Rickets Still Around and Still a Problem

Rickets has declined in frequency but it is still a problem.

Rickets is a disease of infants and children. It disturbs normal bone formation (ossification). Rickets results in inadequate mineralization in bone. This softens bone (producing osteomalacia) and permits marked bending and distortion of bones.

Up through the first third of the 20th century, rickets was largely due to lack of exposure to sunlight or lack of vitamin D in foods such as dairy products. Sunlight provides the ultraviolet rays necessary for the natural production of vitamin D in our skin. These rays do not pass through ordinary window glass.

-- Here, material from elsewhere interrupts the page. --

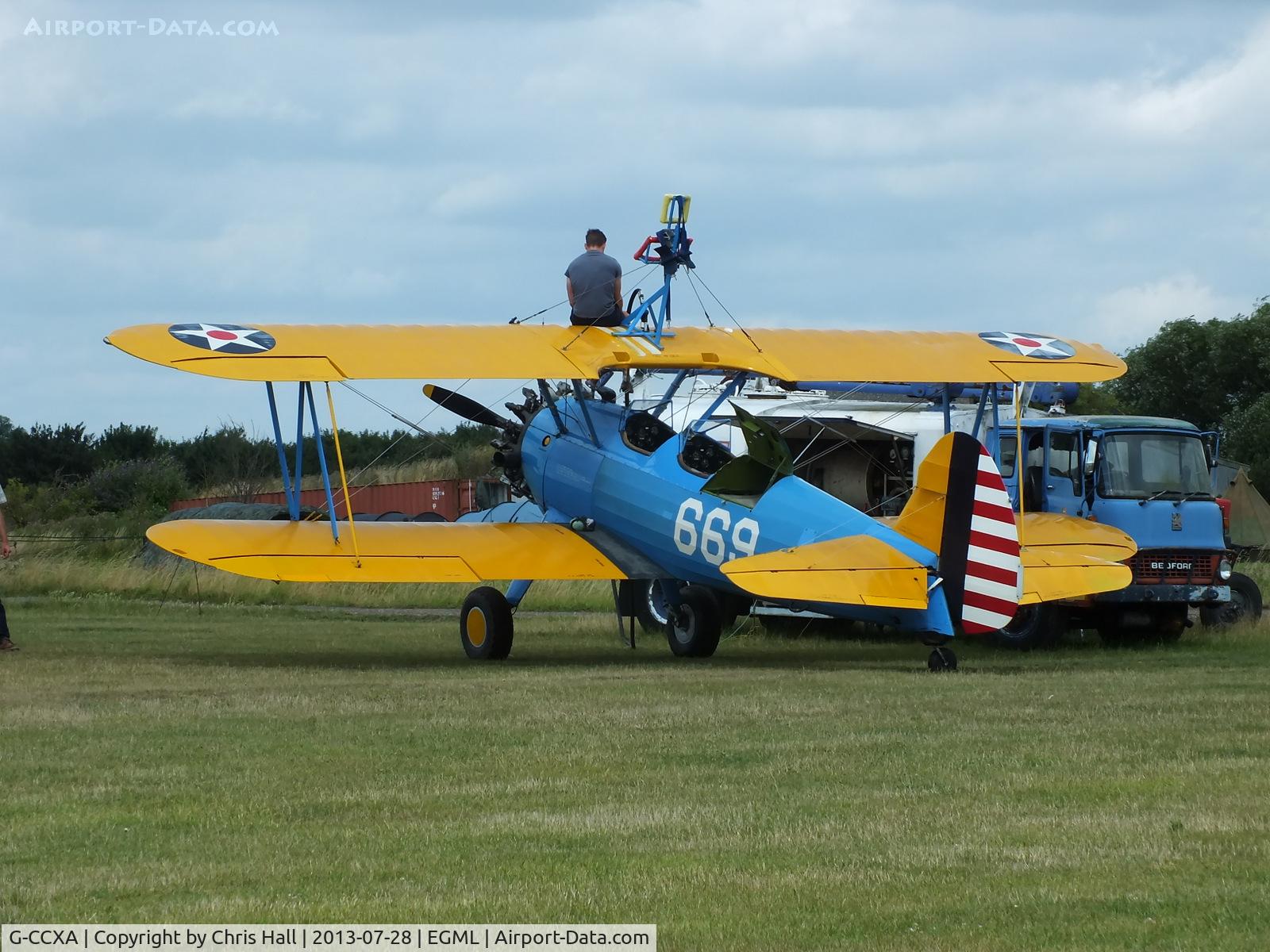 G-CCXA, 1942 Boeing A75N1 C/N 75-3616, at Daymn's Hall Farm, Upminster, Essex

Once the role of vitamin D in rickets was discovered, cod liver oil (which is rich in vitamin D) became a favored, if not too tasty, remedy. Thanks to such supplements of vitamin D, nutritional rickets has become relatively rare in industrialized nations.

Nutritional rickets still occurs, for example, in breast- fed babies whose mothers are underexposed to sunlight and in dark-skinned babies who are not given vitamin D supplements (the dark skin blocks the UV rays). In some unindustrialized countries, vitamin D deficiency rickets continues to be a major problem.

Rickets in industrialized countries now is usually due to other causes, namely:

  • Disorders that create vitamin D deficiency by interfering with the absorption of vitamin D through the intestines.
  • Diseases (for example, of the liver or kidney) that impair the normal metabolic conversion and activation of vitamin D.
  • Conditions that disrupt the normal balance of calcium and phosphorus in the body.